I occasionally fish with people who have many more years experience on the water than I have. They seem to delight in giving "the youngster" advice. One of the things I've been taken to task for is using flies which are too small, especially in the summer when there's no hatch activity. "What are you using those #18 dries for? Don't you know that you need to offer the fish a good mouthful to get 'em to come up?" As usual, they were right. A big, bushy searching pattern often does the trick. It was in response to this that I produced the Stimulated Madame X, a large, impressionistic searching pattern.

When looking for a pattern that works, it's not uncommon to take particularly effective features from two or more different patterns and combine them into something which has the potential to be even more effective. That is the origin of the Stimulated Madame X. This pattern combines the back-end and legs of the Madame X with the head and hackle of a Stimulator. The result is a very versatile mongrel dry fly.

Like so many other large, searching patterns, the Stimulated Madame X is not intended to imitate any specific food item.

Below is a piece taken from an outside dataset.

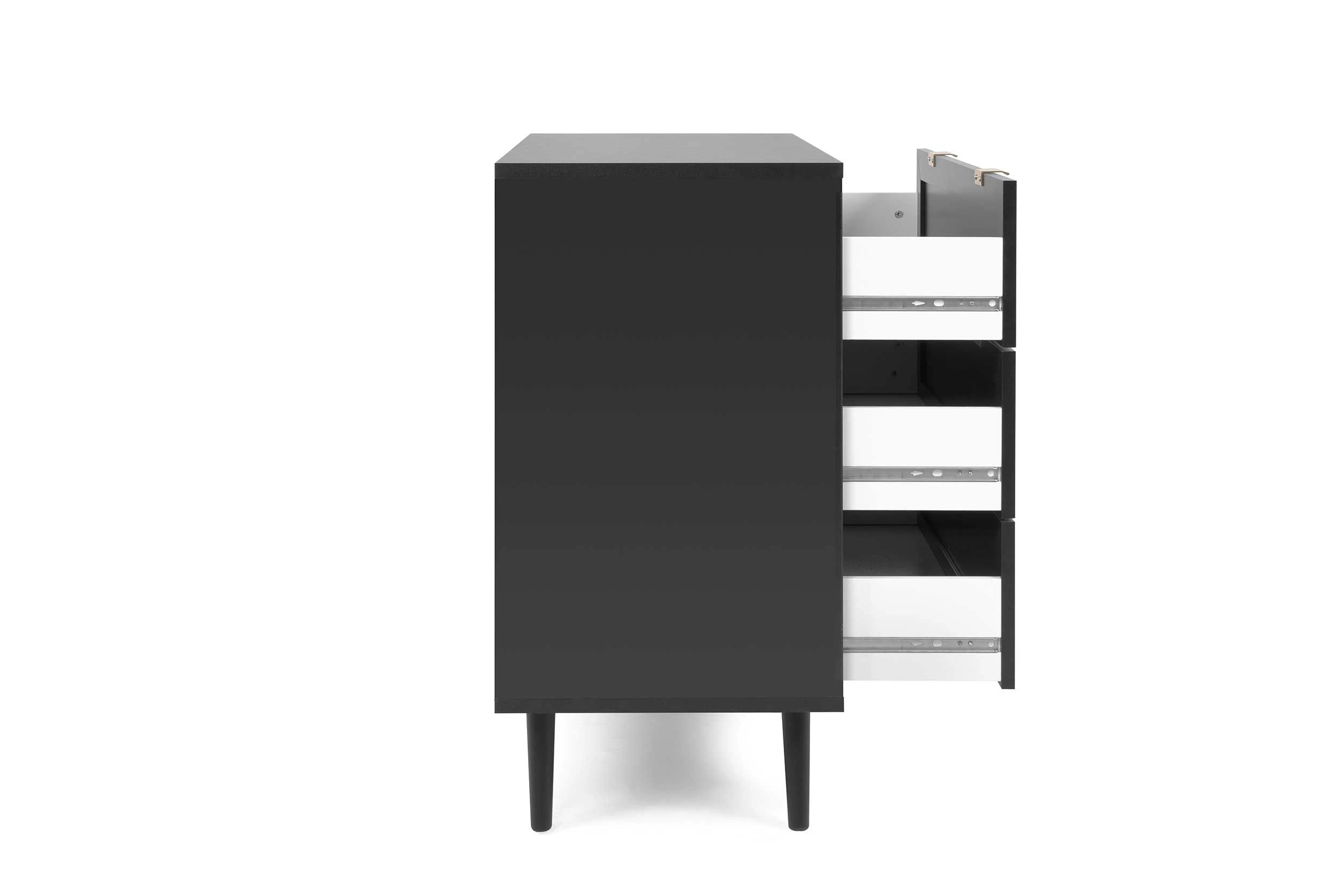 Ladekast Daka 80cm 3 Lades - Zwart/natuur 7 Ladekast Daka 80cm 3 Lades - Zwart/natuur - Afbeelding 7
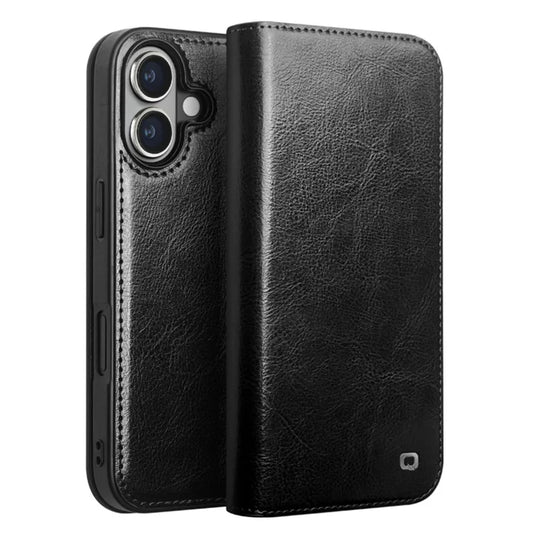 QIALINO For iPhone 16 Plus Case Card Holder Genuine Cow Leather Stand Phone Cover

In fact, it could be argued that it actually imitates nothing and is merely a large attractor pattern. In either case, the arguments are moot—for the fly works. Moreover, it's an easy tie and features readily available materials.

Tying Notes:

1. Start 1/3 back from the eye of the hook and put down a layer of thread along the shank to the bend, returning to the starting point. Clip a small clump of elk hair from the skin. Remove the short hairs and even the tips. Tie the hair in at the starting point with the tips out over the hook bend and parallel to the hook shank, so the tips will stick out about the length of the hook gap or less. Trim any excess hair ahead of the starting point and return the thread to that point. Tie in a length of floss at the starting point, wrap it back to the tail and forward again, forming a neat body. Secure the floss and trim any excess.

2. Clip a larger clump of elk hair and tie it in to form the wing. It is best to even the tips of the hair before tying it in. The wing should extend back to the end of the tail. Trim the excess hair at an angle and wrap the ends down with the thread. Prepare and tie in the hackle for the head. Next, tie in two lengths of rubble hackle on the sides of the fly just forward of the wing, so that they form an X when viewed from above.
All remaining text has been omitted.